Edited by Cynthia Davidson, Mr. Eisenman’s wife, Anyone is essentially a revised transcript of a large and lavishly publicized “multi-disciplinary and cross-cultural” conference by the same name that was held at the Getty Center for the History of Art and the Humanities in Los Angeles last May. Participants included such left-wing academic stars as Jacques Derrida, Fredric Jameson, and Rosalind Krauss, a few of their industrious academic epigones, such as Mark C. Taylor and John Rajchman, and a garland of fashionable architects from Frank O. Gehry and Rem Koolhaas to Arata Isozaki and, of course, Mr. Eisenman himself. The “Anyone” conference was the first of a projected eleven such events, each to be held in a different city (the next is scheduled for Tokyo), each to be devoted to a different any word (anyhow, anywhere, anything, etc.), each, God help us, to be followed by a publication similiar to Anyone. The subject of the first installment, we were told, “was defined to include issues of signature, the author, and the individual as they relate to architecture.” Thanks for that. Press material also explained that the Any series (ANY being an acronym for “Architecture New York”) will include a bimonthly magazine called Any, scheduled to start appearing in the fall of 1992, and a line of Any books “on the subject of architecture and its relationships to other discourses.”
“Other discourses?” Oh, yes. Those who have followed Mr. Eisenman’s career know that the New York architect regards architecture more as a verbal than a practical art: like his colleagues, he loves referring to architecture as a “discourse.” And although he has lately begun building in earnest—the Wexner Center for the Visual Arts in Columbus, Ohio, being only his most publicized recent project—he is clearly more comfortable talking about … well, we were going to say “about architecture,” but Mr. Eisenman really doesn’t talk much about architecture. Nor, come to think of it, is “clearly” the mot juste. The hermetic language that Mr. Eisenman has evolved for himself—a remarkable academic patois that manages to avoid touching reality at any point—is anything but clear. And even “comfortable,” come to think of it, is incorrect, for if there is one thing that Mr. Eisenman successfully eschews, in his buildings as much as in his writing, it is comfort.

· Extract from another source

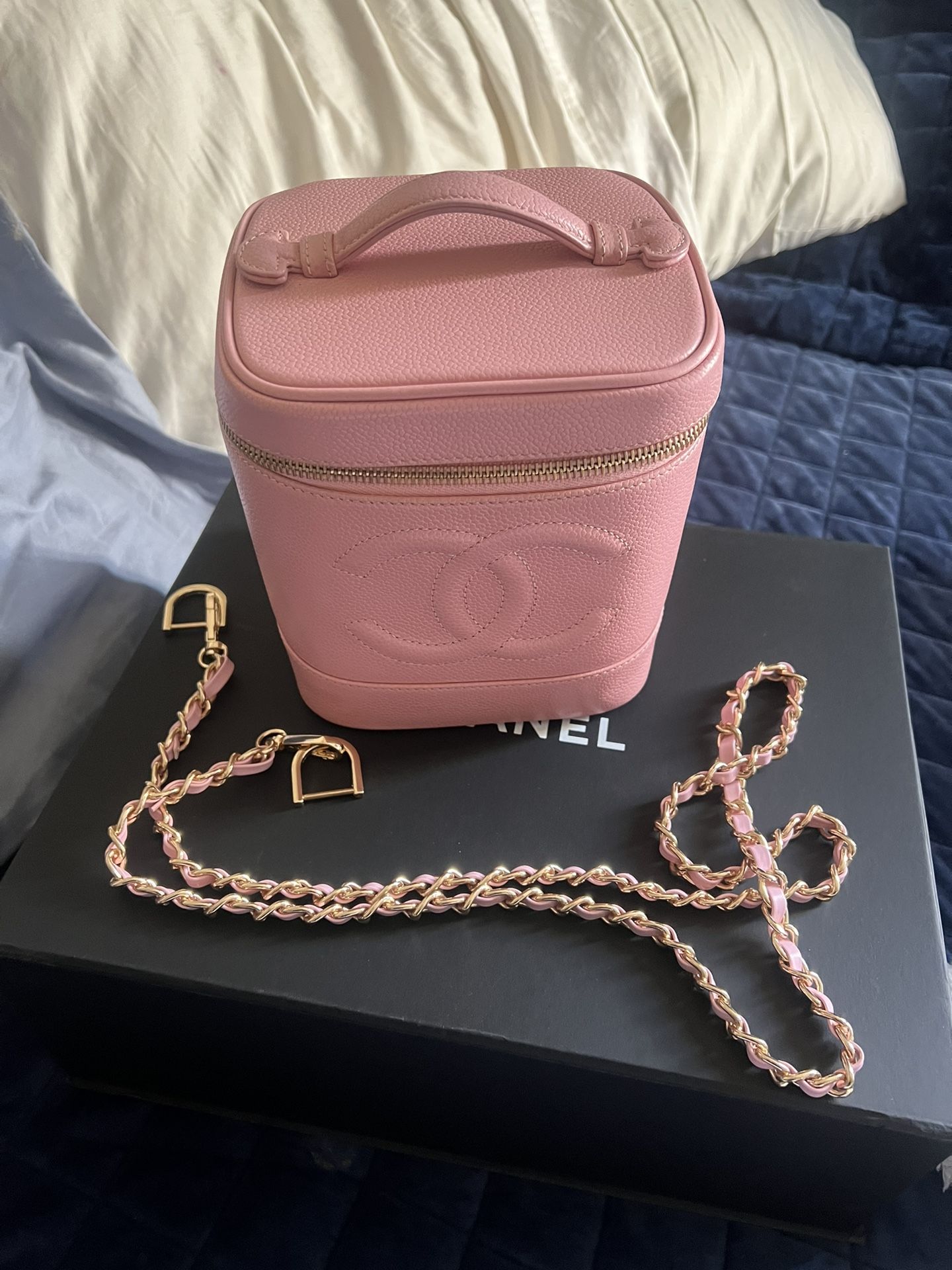 Chanel Caviar Medium Pink Vanity Bag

Just how bad is it? We have Mr. Eisenman, in his paper on passion in architecture, informing us that “[t]he traditional dialogue in architecture has always been constituted in terms internal to language—between form and content, rather than between the self and language.” We have Derrida beginning his “impromptu remarks” by asking “how can one make a point? As I try to say something on the subject of the point and the point of the subject, I must also ask something of the stranger and the foreigner,” etc., etc. Then there is Fredric Jameson denouncing “the concept of personal identity” and Rosalind Krauss meditating on Georges Bataille’s essay “The Big Toe.” To get the full effect, however, we must sample a somewhat longer passage. Here is a bit from Mark C. Taylor’s contribution, “The Subject of Architecture.” “The polycentricism of postmodern subjectivity,” Professor Taylor tells us,
is intersubjective as well as intrasubjective. The universality of the ontologico-epistemic subject is dispersed in a multiplicity of subjects themselves inwardly fragmented. In this way, polycentricism inverts but does not subvert the monocentricism of the modern subject. It is as though each subject were constituted by a plurality of ontologico-epistemic subjects that have lost their universality.
Perhaps all this points to the ineluctable instability of language; maybe it betokens a crisis of meaning in Western capitalist societies, enslaved as they are to a logocentric rationalism and patriarchy; but just possibly it illustrates the extent to which deconstruction and allied ideologies have corrupted intellectual exchange even outside the academy. Aristophanes, we recall, called it cloud-cuckoo-land. It is certainly not what Vitruvius had in mind.